**Work request**: Return the listing below unchanged, except that the pictures are dropped.

--*--

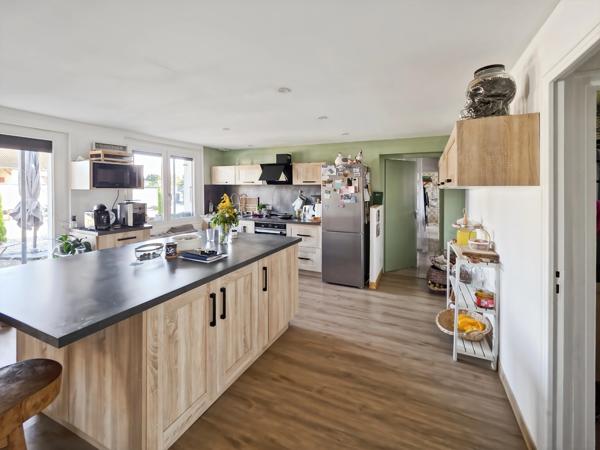 Ferme bressane rénovée à Louhans – 14 pièces, 192 m² avec espace indépendant idéal Airbnb  (71)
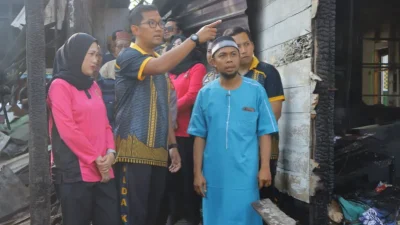 Tinjau Lokasi Kebakaran di Kelurahan Baru, Kapolres Kutai Kartanegara Berikan Bantuan Sembako Kepada Korban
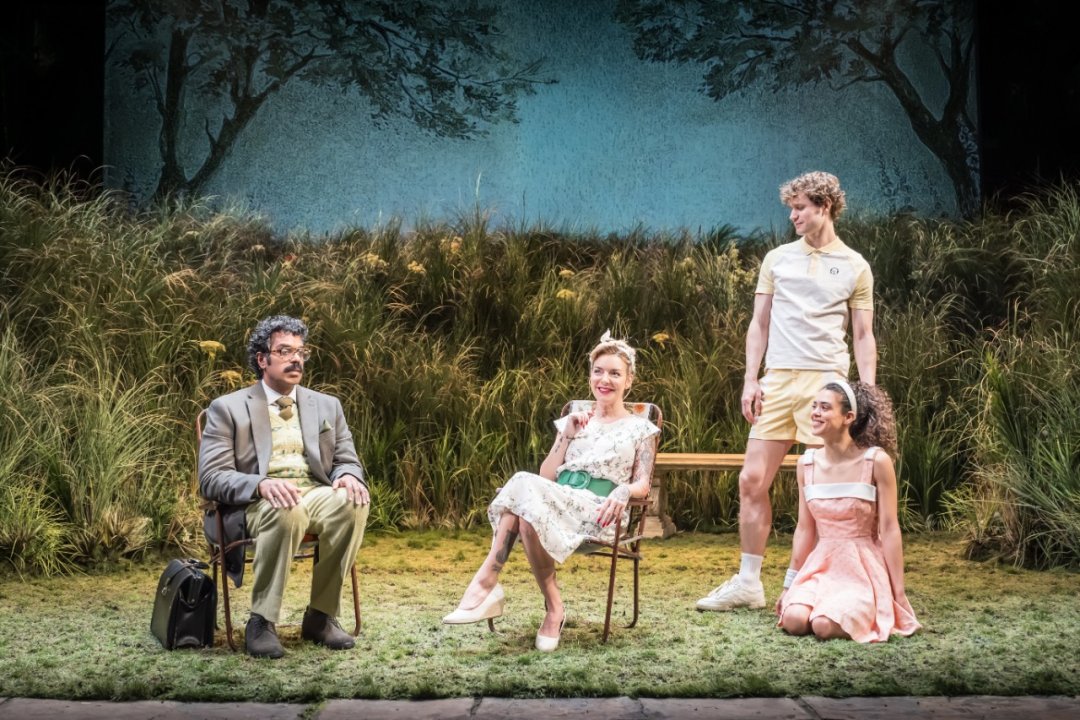 WOMAN-IN-MIND.-Romesh-Ranganathan-Bill-Sheridan-Smith-Susan-Chris-Jenks-Tony-and-Safia-Oakley-Green-Lucy.-Photo-by-Marc-Brenner WOMAN-IN-MIND.-Romesh-Ranganathan-Bill-Sheridan-Smith-Susan-Chris-Jenks-Tony-and-Safia-Oakley-Green-Lucy.-Photo-by-Marc-Brenner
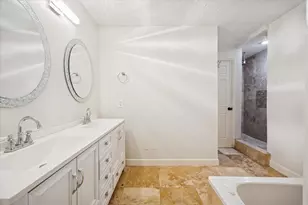 4718 Blanton Blvd, Houston, TX 77092 - Photo 16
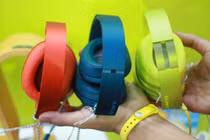 Cận cảnh tai nghe nhiều màu dành cho Xperia Z5 ở VN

--*--

**Finished task**:
 Ferme bressane rénovée à Louhans – 14 pièces, 192 m² avec espace indépendant idéal Airbnb  (71)
 Tinjau Lokasi Kebakaran di Kelurahan Baru, Kapolres Kutai Kartanegara Berikan Bantuan Sembako Kepada Korban
 WOMAN-IN-MIND.-Romesh-Ranganathan-Bill-Sheridan-Smith-Susan-Chris-Jenks-Tony-and-Safia-Oakley-Green-Lucy.-Photo-by-Marc-Brenner WOMAN-IN-MIND.-Romesh-Ranganathan-Bill-Sheridan-Smith-Susan-Chris-Jenks-Tony-and-Safia-Oakley-Green-Lucy.-Photo-by-Marc-Brenner
 4718 Blanton Blvd, Houston, TX 77092 - Photo 16
 Cận cảnh tai nghe nhiều màu dành cho Xperia Z5 ở VN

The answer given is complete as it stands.